First Author  Chang TH Year  2017
Journal  PLoS Pathog Volume  13
Issue  7 Pages  e1006485
PubMed ID  28671985 Mgi Jnum  J:245538
Mgi Id  MGI:5916094 Doi  10.1371/journal.ppat.1006485
Citation  Chang TH, et al. (2017) Dectin-2 is a primary receptor for NLRP3 inflammasome activation in dendritic cell response to Histoplasma capsulatum. PLoS Pathog 13(7):e1006485
abstractText  Inflammasome is an intracellular protein complex that serves as cytosolic pattern recognition receptor (PRR) to engage with pathogens and to process cytokines of the interleukin-1 (IL-1) family into bioactive molecules. It has been established that interleukin-1beta (IL-1beta) is important to host defense against Histoplasma capsulatum infection. However, the detailed mechanism of how H. capsulatum induces inflammasome activation leading to IL-1beta production has not been studied. Here, we showed in dendritic cells (DCs) that H. capsulatum triggers caspase-1 activation and IL-1beta production through NLRP3 inflammasome.
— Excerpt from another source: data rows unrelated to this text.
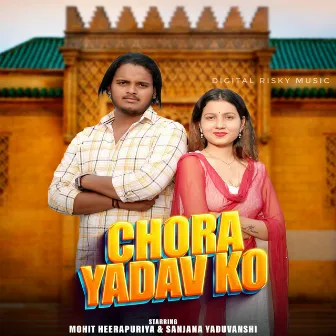 Chora Yadav Ko by Sanjana Yaduvanshi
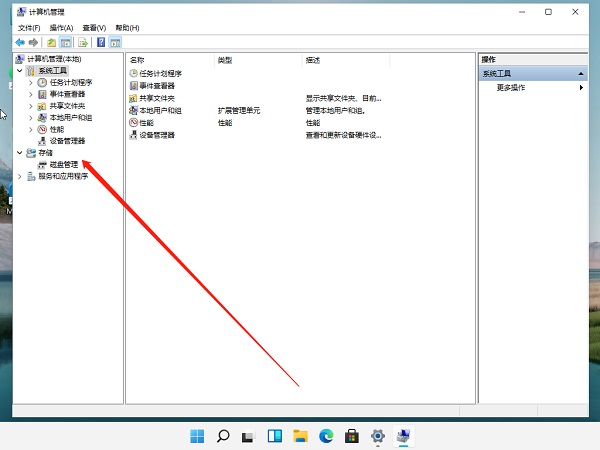 裝Win11系統盤怎么分區?Win11分區教程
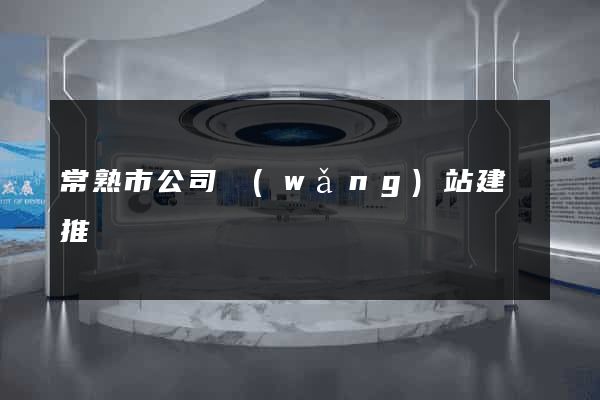 常熟市公司網(wǎng)站建設推廣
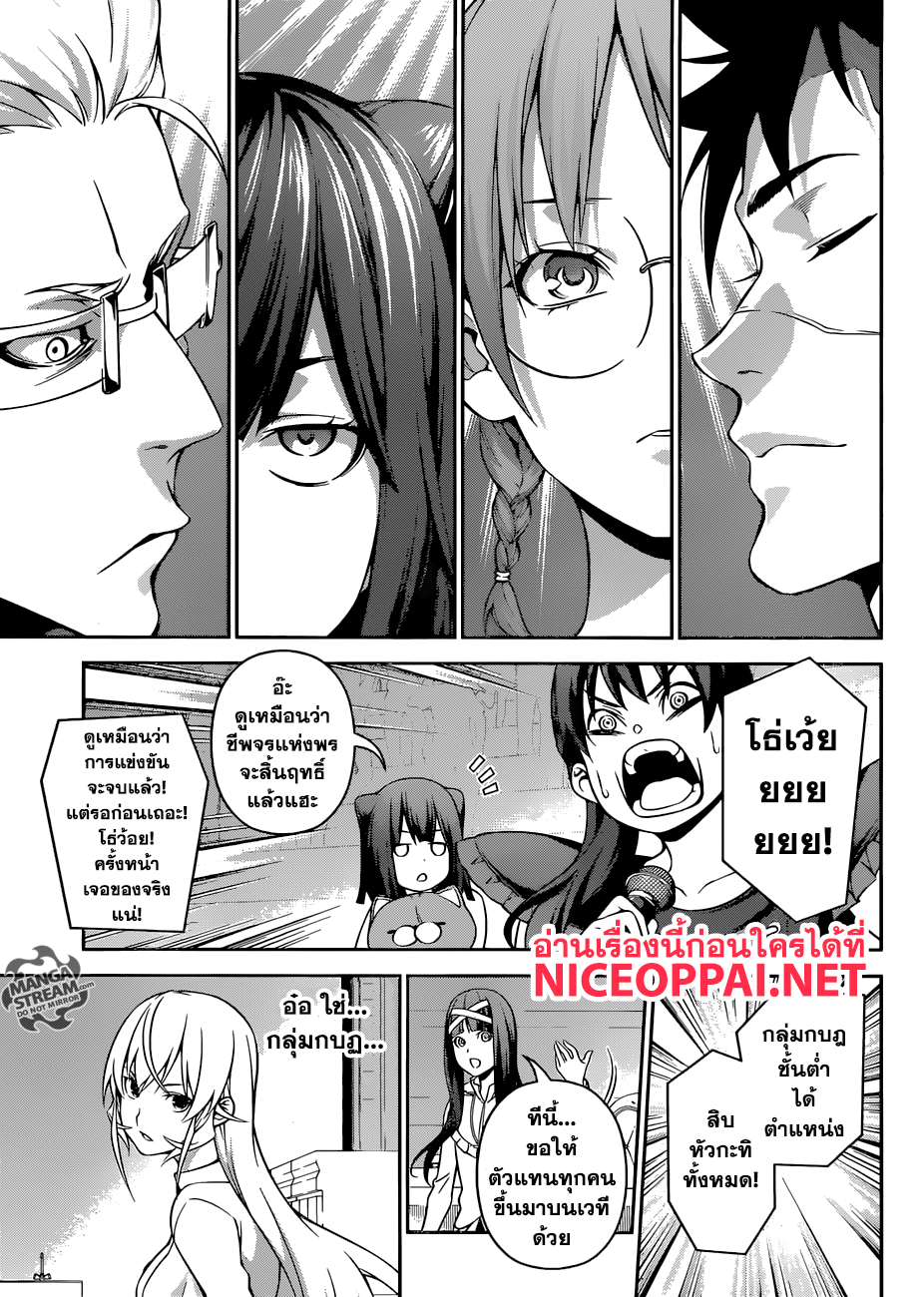 Shokugeki no Soma 263-โรงเรียนโทสึกิ: กำเนิดใหม่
By reciprocal blocking of Dectin-1 or Dectin-2 in single receptor-deficient DCs and cells from Clec4n-/-, Clec7a-/-, and Clec7a-/-Clec4n-/- mice, we discovered that while Dectin-2 operates as a primary receptor, Dectin-1 serves as a secondary one for NLRP3 inflammasome. In addition, both receptors trigger Syk-JNK signal pathway to activate signal 1 (pro-IL-1beta synthesis) and signal 2 (activation of caspase-1). Results of pulmonary infection with H. capsulatum showed that CD103+ DCs are one of the major producers of IL-1beta and Dectin-2 and Dectin-1 double deficiency abolishes their IL-1beta response to the fungus. While K+ efflux and cathepsin B (but not ROS) function as signal 2, viable but not heat-killed H. capsulatum triggers profound lysosomal rupture leading to cathepsin B release. Interestingly, cathepsin B release is regulated by ERK/JNK downstream of Dectin-2 and Dectin-1. Our study demonstrates for the first time the unique roles of Dectin-2 and Dectin-1 in triggering Syk-JNK to activate signal 1 and 2 for H. capsulatum-induced NLRP3 inflammasome activation.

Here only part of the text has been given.